Hey Carnster don't pull out just because your doing so well, the more people the better.

We'll just have to tie one of your arms behind your back to give you a little handy cap :lol: .

Cheers 
Killer.


----------



## carnster (May 27, 2008)

killer said:


> Hey Carnster don't pull out just because your doing so well, the more people the better.
> 
> We'll just have to tie one of your arms behind your back to give you a little handy cap :lol: .
> 
> ...


Thanks heaps, maybe i will continue on, i do enjoy it.


----------



## robsea (Apr 7, 2010)

Smashin' fat bream Spork! Dreams are made of such fish.


----------



## cheaterparts (Jul 3, 2010)

Name of Angler: Cheaterparts
Date Caught: 11/10/13
State and Location Fish Caught In: Vic -- Eagle rock area Westernport
Type and Size/Weight of Fish: 2 options ether a Red Scorpion Cod ( Scorpaena cardinalis ) 32.5 cm










Type and Size/Weight of Fish: or a King Geoge Whiting at 34 cm










Tackle/Line/Lure Used : bait fished 
Conditions : quite a nice night on the water
Other Comments : The wind has been hard to work around over the last couple of weeks and the first W/E of this months comp was looking like a TOW with only 1 mirco flatty to my trip which was short dodging the wind
the winds were looking to keep us off the water again for the second week but Friday arvo/evening was the only real chance
hoping for a snapper headed out to eagle rock after work and fished till 2.30 sat morning
no luck on snapper but got a small mixed bag including a couple of scorpion cod ( not game fish but good eating if you work around the spikes ) the surpise fish was the whiting only the one but hooking one at midnight was different

so take your pick on which scores best it will be better than a TOW


----------



## carnster (May 27, 2008)

robsea said:


> Smashin' fat bream Spork! Dreams are made of such fish.


Yeah that is a horse.


----------



## killer (Dec 22, 2010)

Name of Angler: Killer.
Date Caught: 11/10/2013
State and Location Fish Caught In: SE QLD Donnybrook.
Type and Size/Weight of Fish: Bream 25cm.
Tackle/Line/Lure Used (optional): 6lb , paddle tail SP.
Conditions (optional): Good. A little Windy.


----------



## solatree (May 30, 2008)

Got out once during comp period - got these


----------



## robsea (Apr 7, 2010)

TOW

Try as I may, 'twas only flathead that graced my deck in comp time.

Rob


----------



## Squidder (Sep 2, 2005)

The October comp has been scored....and it will be no surprise that yet again Carnster topped the scoring. Great snapper Chris! I also found it highly exciting that this month, for the first time in ages, the entries were submitted in order of score from highest to lowest, which meant that no sorting was required on the excel spreadsheet. Great success! 

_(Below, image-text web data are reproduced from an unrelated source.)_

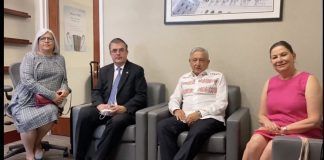 Estoy bien y de buenas: AMLO
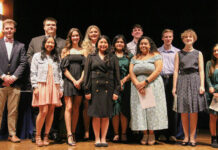 Wallace State welcomes new members into English and Math Honor Societies
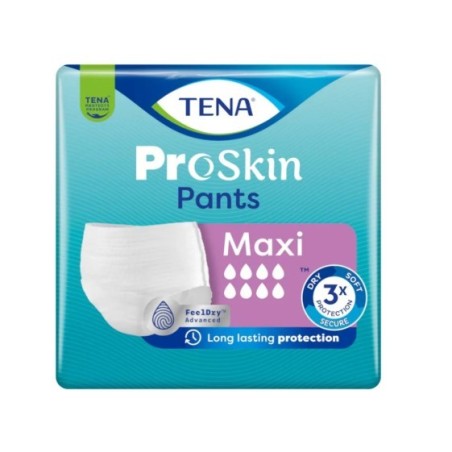 Pannolone a mutandina tena pants maxi xl 10 pezzi Pannolone a mutandina tena pants maxi xl 10 pezzi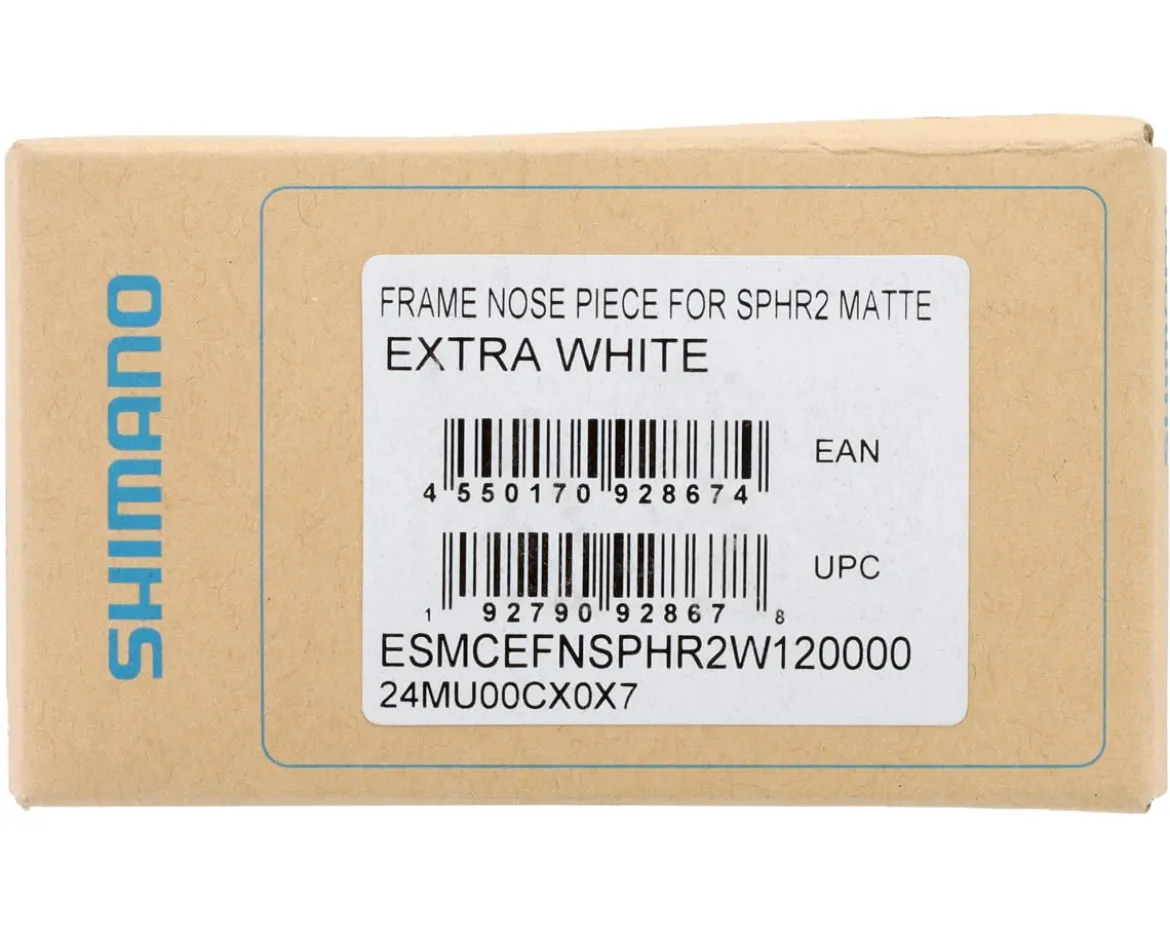 Shimano S-PHYRE CE-SPHR2 Spare Lens Nose Piece (Matte Extra White)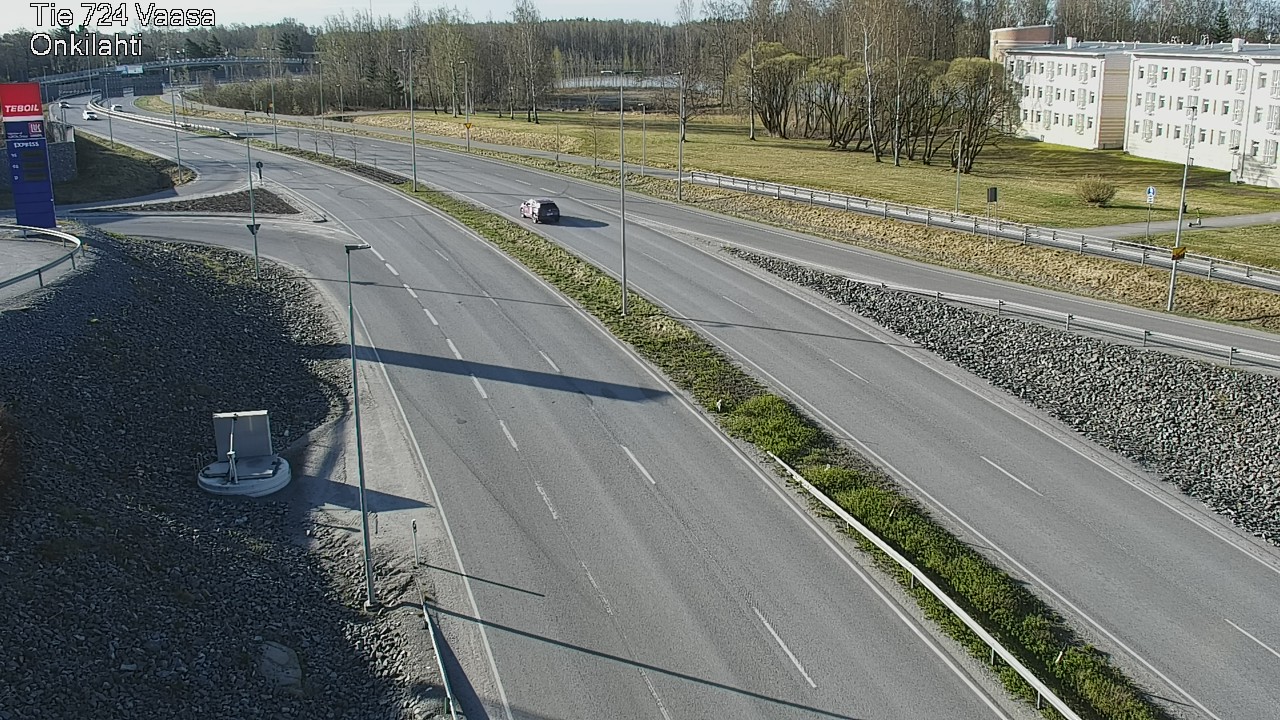 Weather Camera Image Väg 724 Vasa, Onkilahti, Vaasa, Pohjanmaa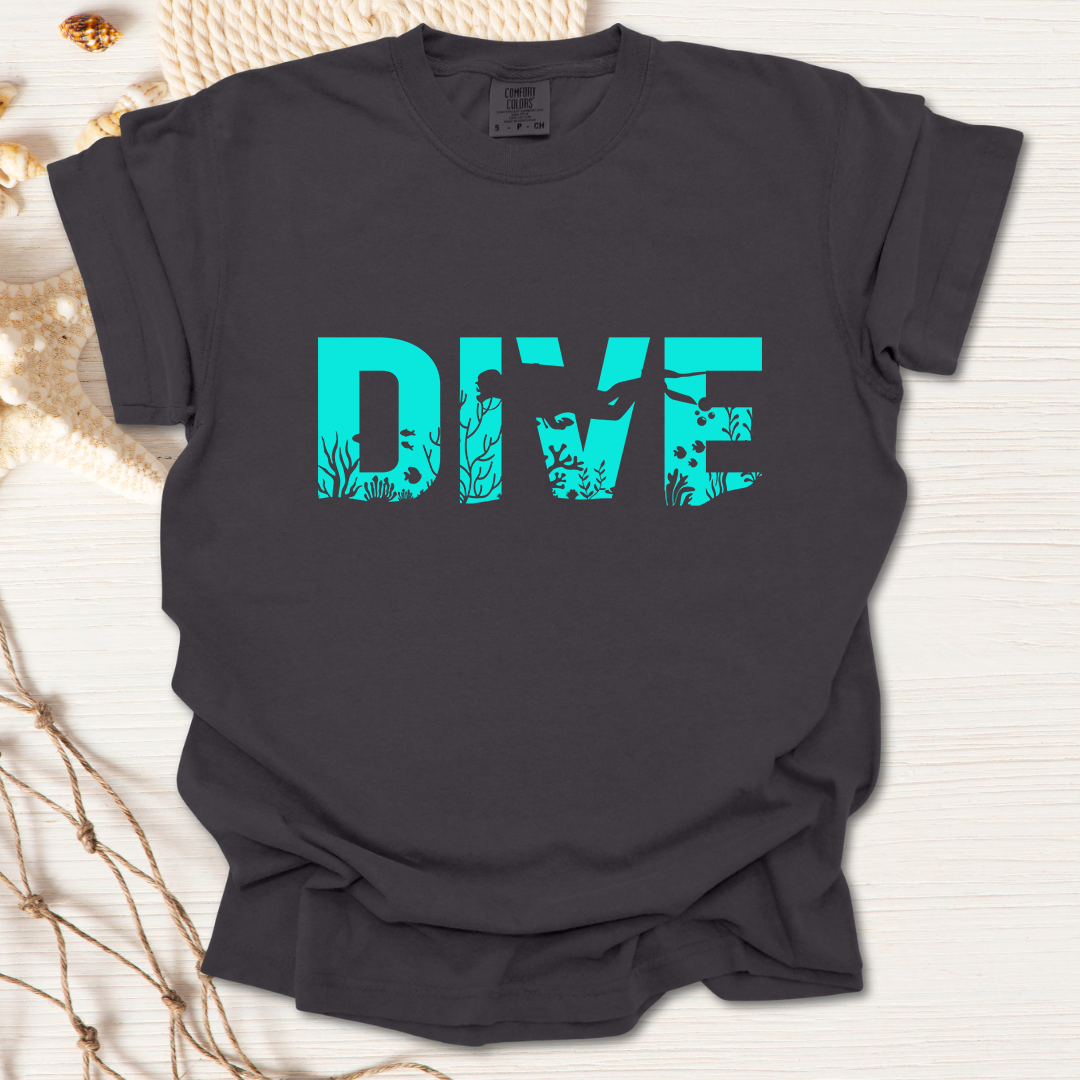 Diving Scenery Tshirt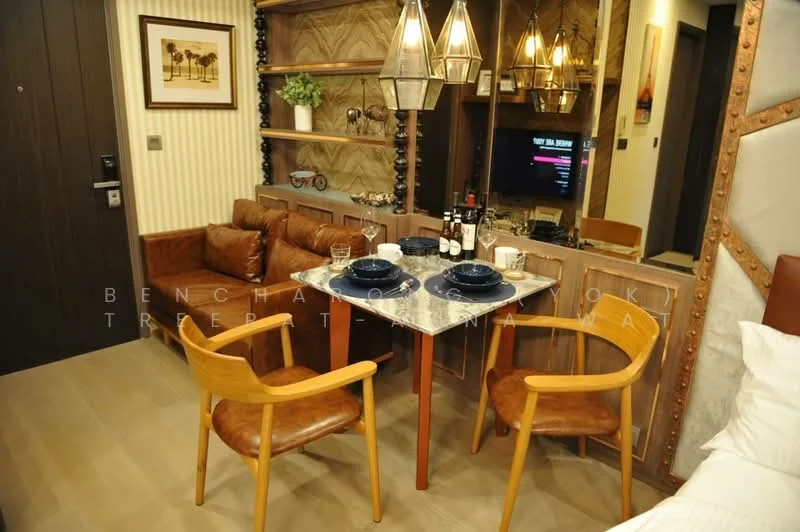 1 Bedroom condo in ASHTON Chula-Silom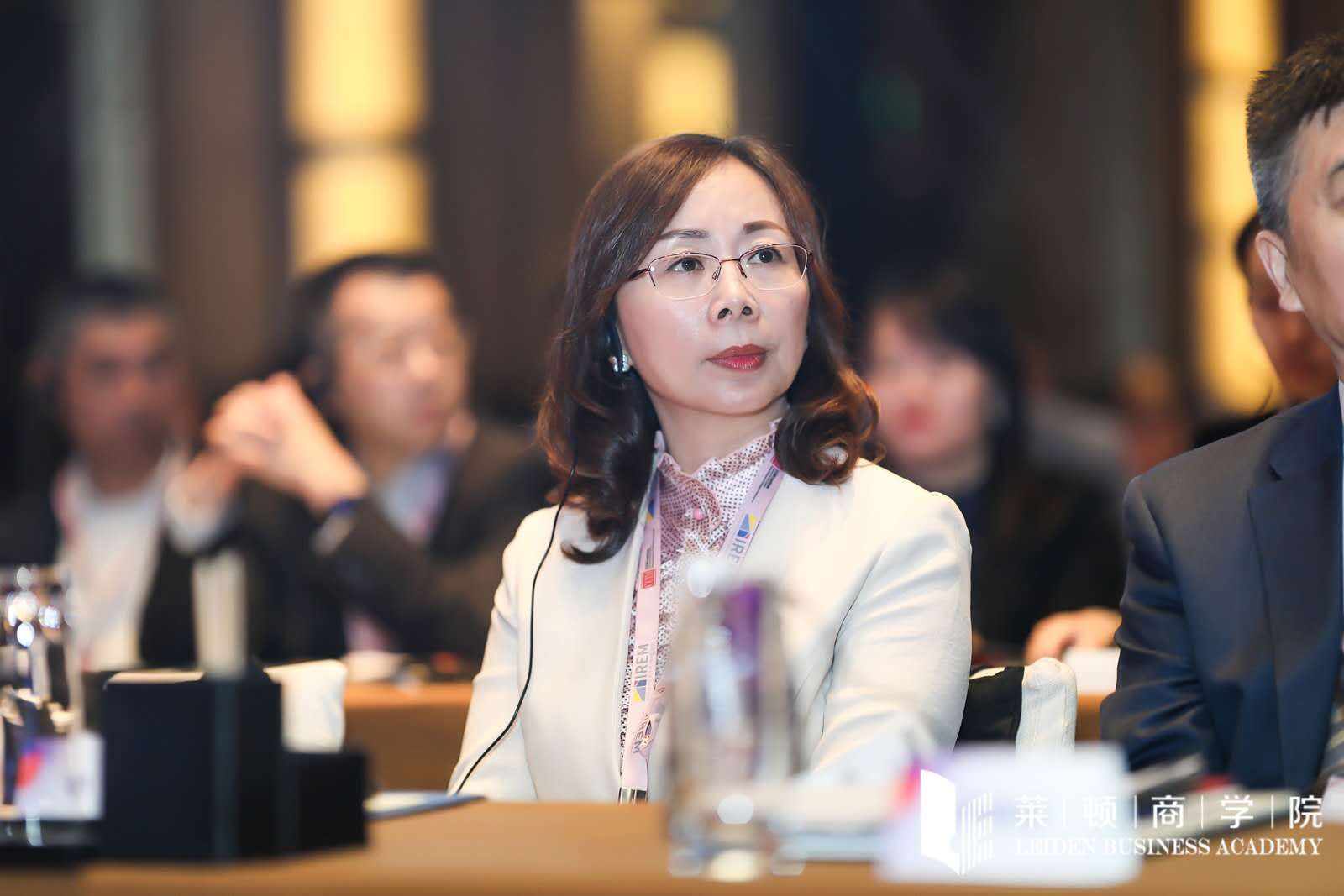 獅城怡安董事長徐新女士榮任新一屆IREM中國主席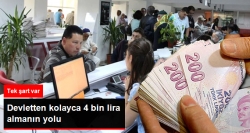 İşverene 4 Bin Lira Teşvik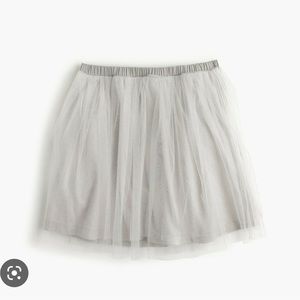Crewcuts tippy toe skirt in grey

Scores for the month were:

*Position	Angler	Score*
1	Carnster	168
2	Spork	138
3	Bertros	130
4	Cheaterparts	89
5	Killer	74
6	Solatree	40
7	Robsea	40

And cumulative scores for the YTD - October marks the 10th month of the monthly comp, and this year for the first time only the top 10 scores count towards each angler's final tally. So far this year 5 anglers (Robsea, Carnster, Bertros, Cheaterparts, and Killer) have entered every month - so from now on your score in the YTD tally will only change if you manage to 'upgrade' one of your 10 scores - for example Killer has one, and Robsea has two TOW entries which I'm sure they will be trying to upgrade in November and December.

*POSITION	Angler	Score*
1	Carnster	1466
2	Bertros	1086
3	Cheaterparts	1040
4	Robsea	905
5	Killer	799
6	Solatree	759
7	Kanganoe	695
8	Paul B	675
9	Float	655
10	Premium	593
11	Ado	516
12	Spork	418
13	Daveyak	329
14	MrX	282
15	Brolans	179
16	cjbfisher	176
17	Scoman	166
18	Mess	128
19	Nad97	114
20	Marty75	97

*The November comp kicks off tomorrow, and will run from Saturday the 2nd until Sunday the 10th of November.* Lock it in folks 8)


----------